Emerging Markets Bonds: Key Themes for 2015
ERIC FINE: There are several key themes for the portfolio in 2015. Number one is Russia. We continue to want no exposure to Russia or the region. We see the geopolitical situation there as intractable, as well as subject to expansion and considerable headline risk. The bottom line for us regarding Russia is they have $100 billion of corporate debt coming due every year and their more than $400 billion in reserves is needed for too many things. It’s needed to service debt, defend the foreign exchange rate, recapitalize the banking system, and stimulate growth. We don't think the upside-downside makes sense in the bonds. That's number one and it’s an ongoing theme. We still have no Russia exposure and we’re trying to avoid the region.
Number two is we are continually concerned about local currency. The main reason is emerging markets growth continues to disappoint relative to U.S. growth. An additional reason is a great deal of money has gone into local-only and we think that the existence of local-only is going to be questioned by the market. It has generated higher volatility and lower returns than I think a lot of the deeper, committed investors were expecting. Therefore I wouldn't be surprised to see technical pressure or outflows from these funds. That's a second theme.

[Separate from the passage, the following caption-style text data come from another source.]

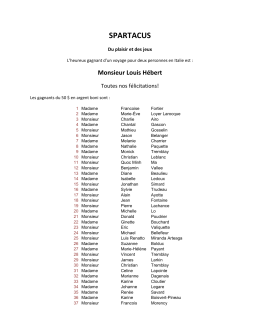 Voir les 100 gagnants de 50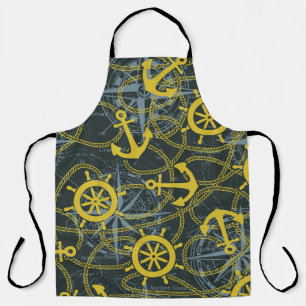 Nautical vintage pattern, anchor and map. apron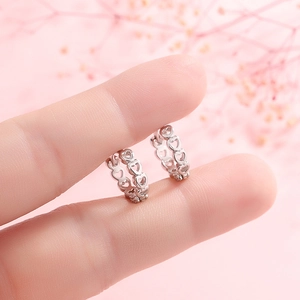 Hollow Heart Shaped Hoop Earrings Copper Minimalist Small Sweet Elegant Jewelry Accessories For Women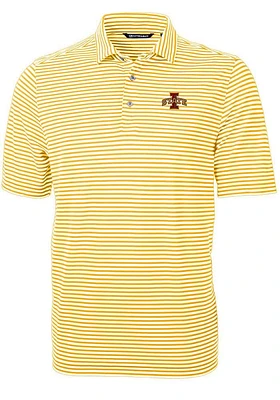 Cutter and Buck Iowa State Cyclones Mens Gold Virtue Eco Pique Stripe Short Sleeve Polo
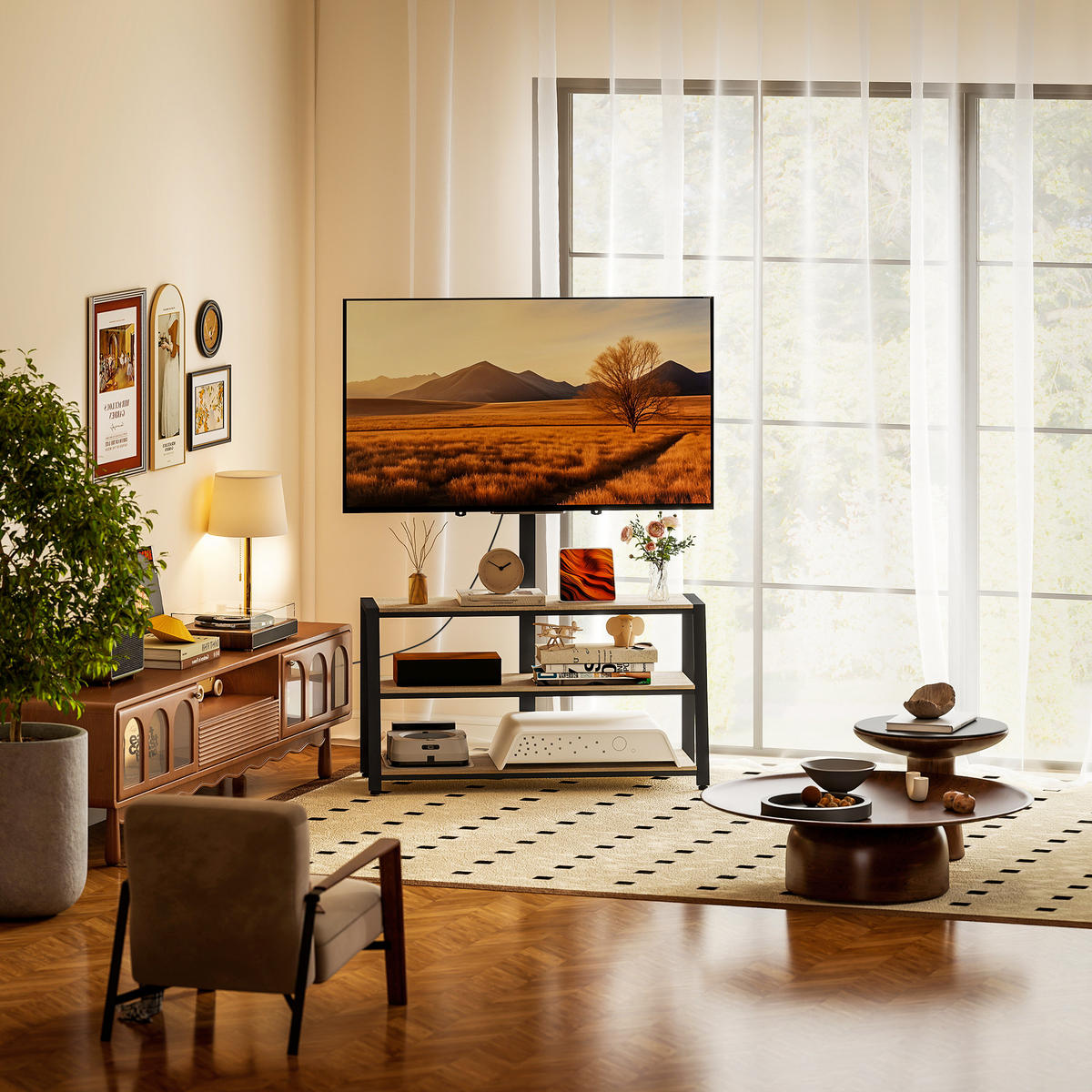 TV-SCHRANK Natur/Schwarz 108/41/135 cm, Schwenkbare Halterung, Offene Fächer, Holzoptik - Naturfarben, Holzwerkstoff (108/135/41cm) - PANGIVO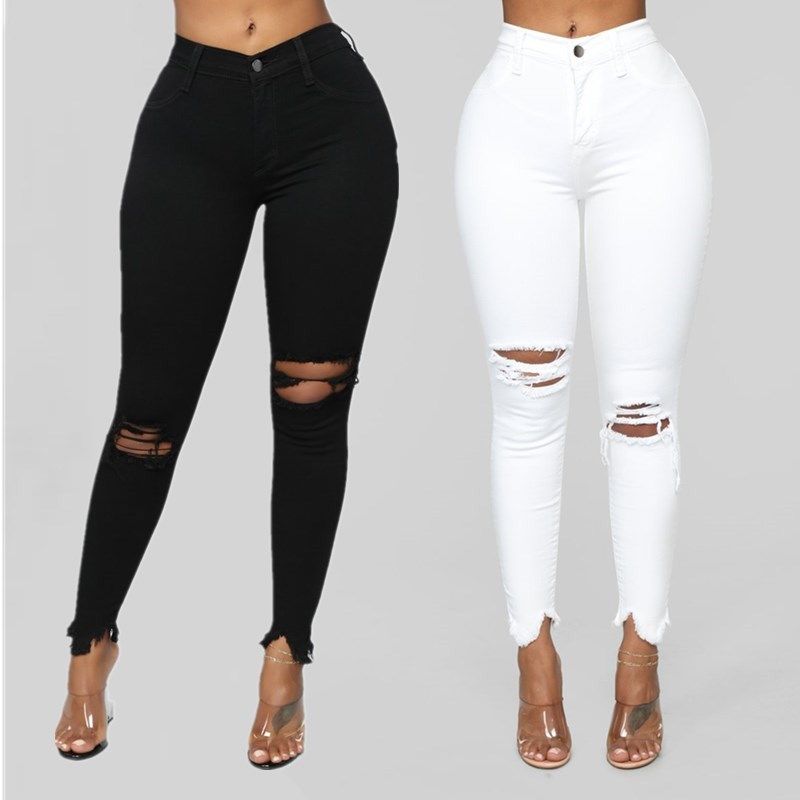 2024 Fashion Tall Waist Ripped Jeans for Women Elastic Pants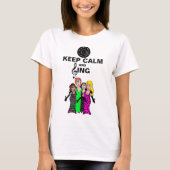 Houd kalm en Sing Barbershop Cartoon Dames T-shirt (Voorkant)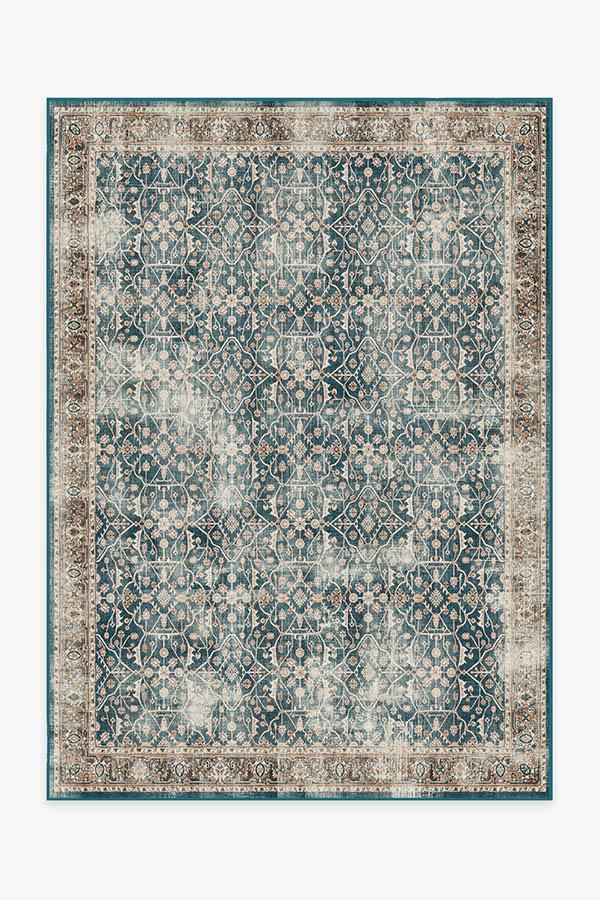 Celestine Teal Blue Flatwoven Rug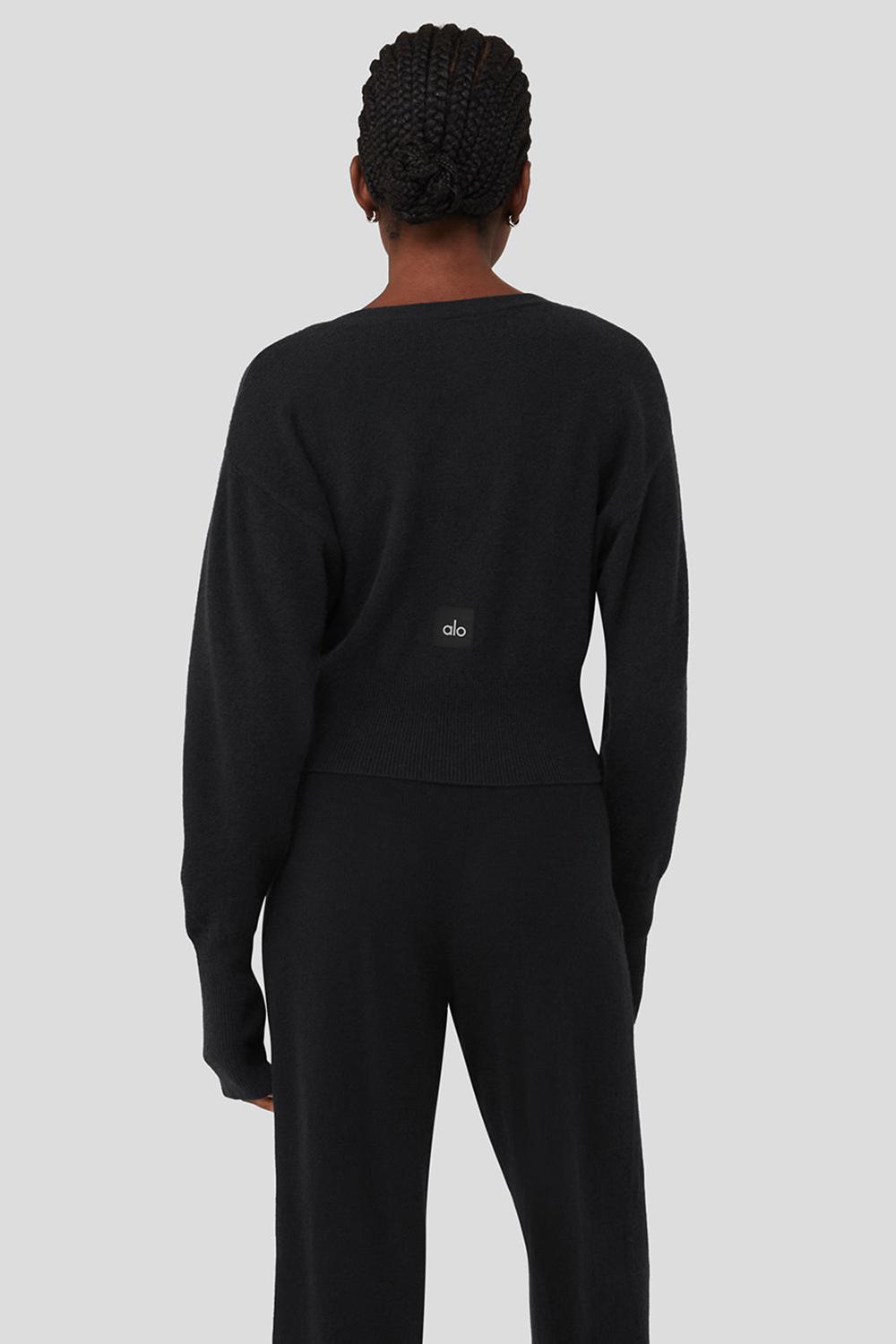 Black Women Alo Yoga Cashmere Jet Set Cardigan | Australia  83740-AFKU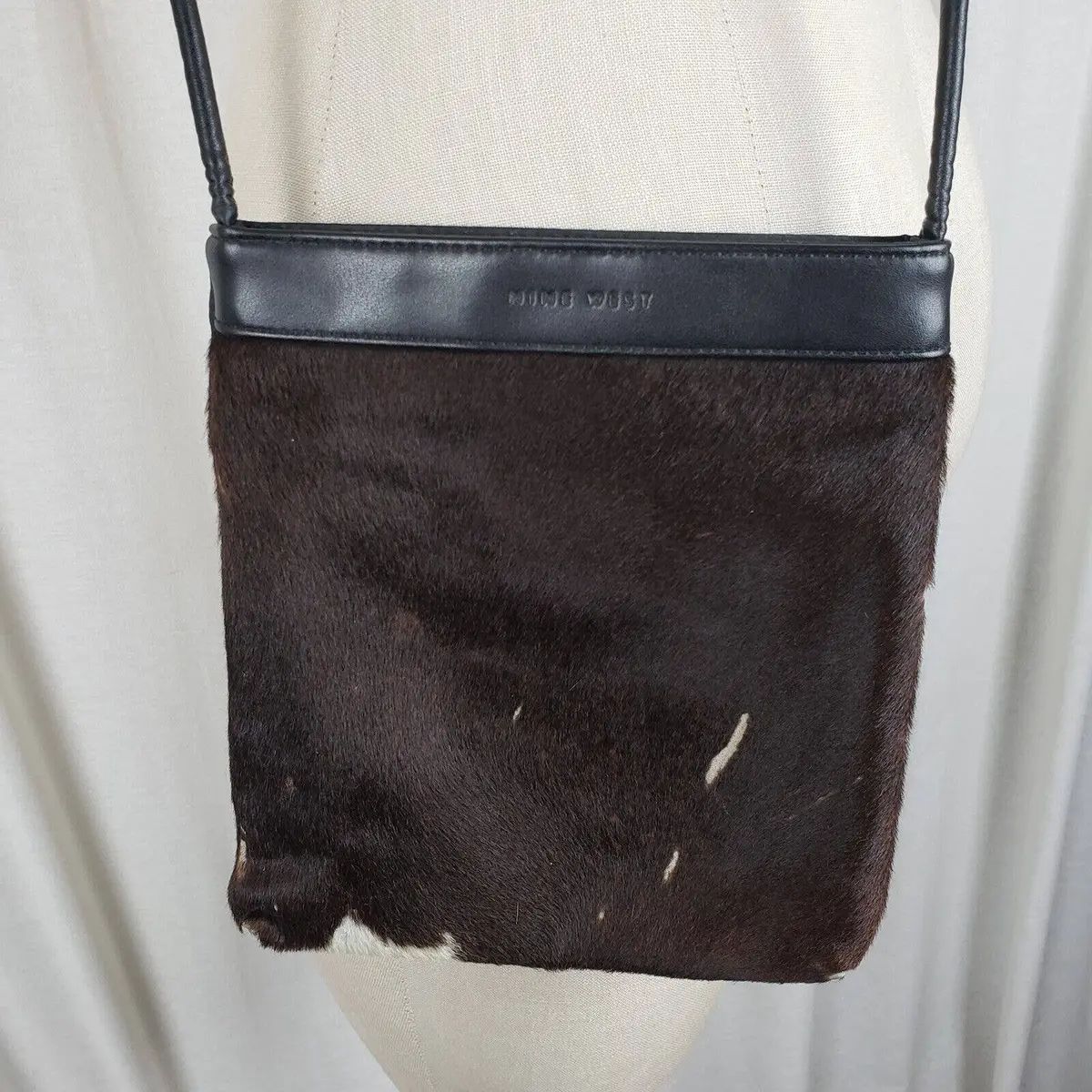 Vintage Nine West Faux Fur Cow Print Leather Shoulder Bag Purse Handbag 1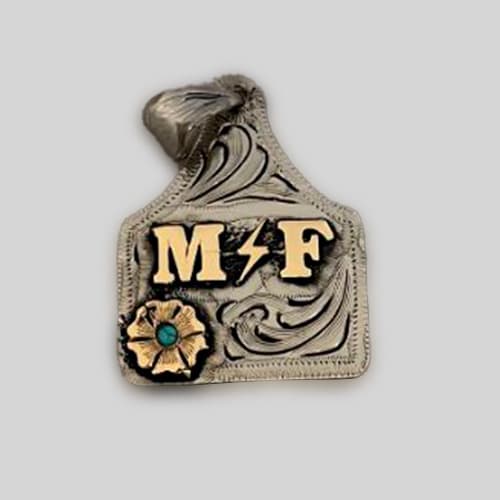 Pendant / Cow Tag – Custom Made – German silver – Hand Engraved - thumbnail 3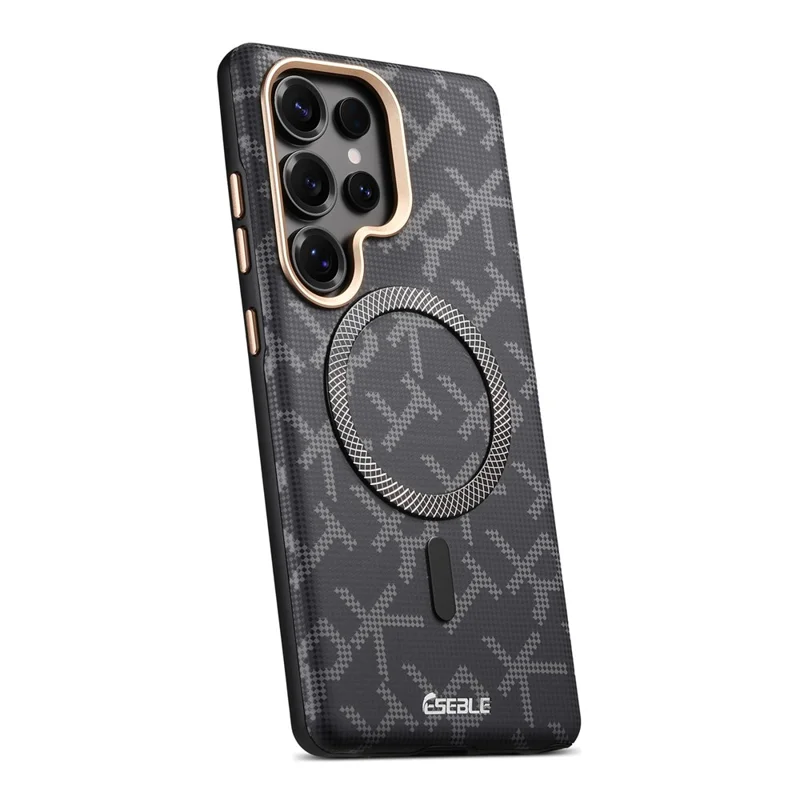 ESEBLE For Samsung Galaxy S26 Ultra Magnetic Case TPU PU Letter Pattern Back Cover - Black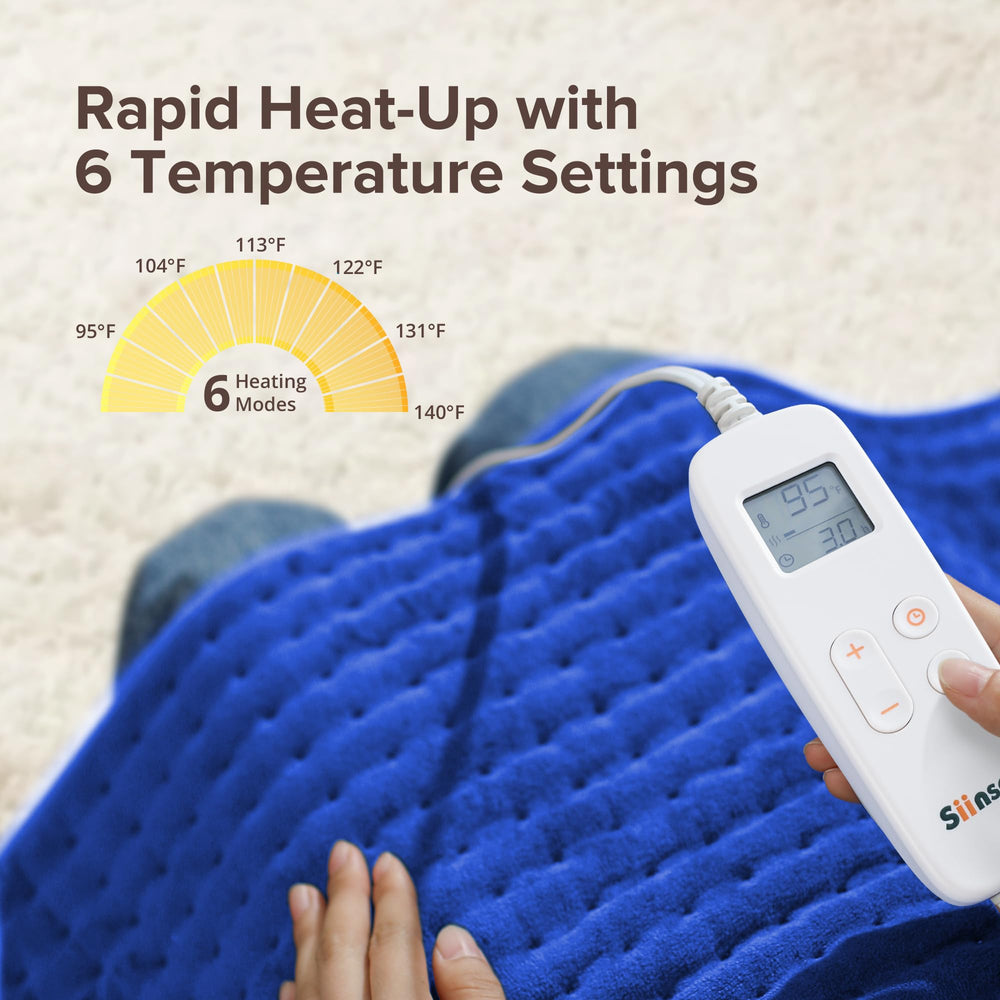 Siinsay 33x17 inch heating pad provides full-back coverage during therapy.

The third theme is again a no, i.e., something that doesn’t pass our process test: corporates. There are good corporates that are cheap. They are also illiquid. We see much more downside than upside in an adverse scenario. It has begun to happen in some sectors. Russian corporates were hit and then Brazilian corporates were hit. Then the Chinese property sector was hit and energy bonds were hit; this adds up and affects the expectations of other portfolio managers. Our concern is that at some point they're going to start worrying about the illiquidity of their whole portfolios. Those are the three "nos" essentially that are ongoing themes: the three things that our process tells us to avoid.
What do we like? About 65% of our portfolio is composed of long-dated, investment grade, dollar-denominated government bonds, i.e., sovereign bonds. Boring old things. Why do we like them? Our process tells us that credit curves are steep and we're supposed to like the long end of these bonds. Then the question is: what about duration? The Fed is going to hike. Aren't we supposed to hate duration? That seems to be what the newspaper says every day but we don't think so. I think the Fed may hike but it’s important to note that the Fed hiked 425 basis points in '04 and '06 and nothing happened to the ten-year. That is number one.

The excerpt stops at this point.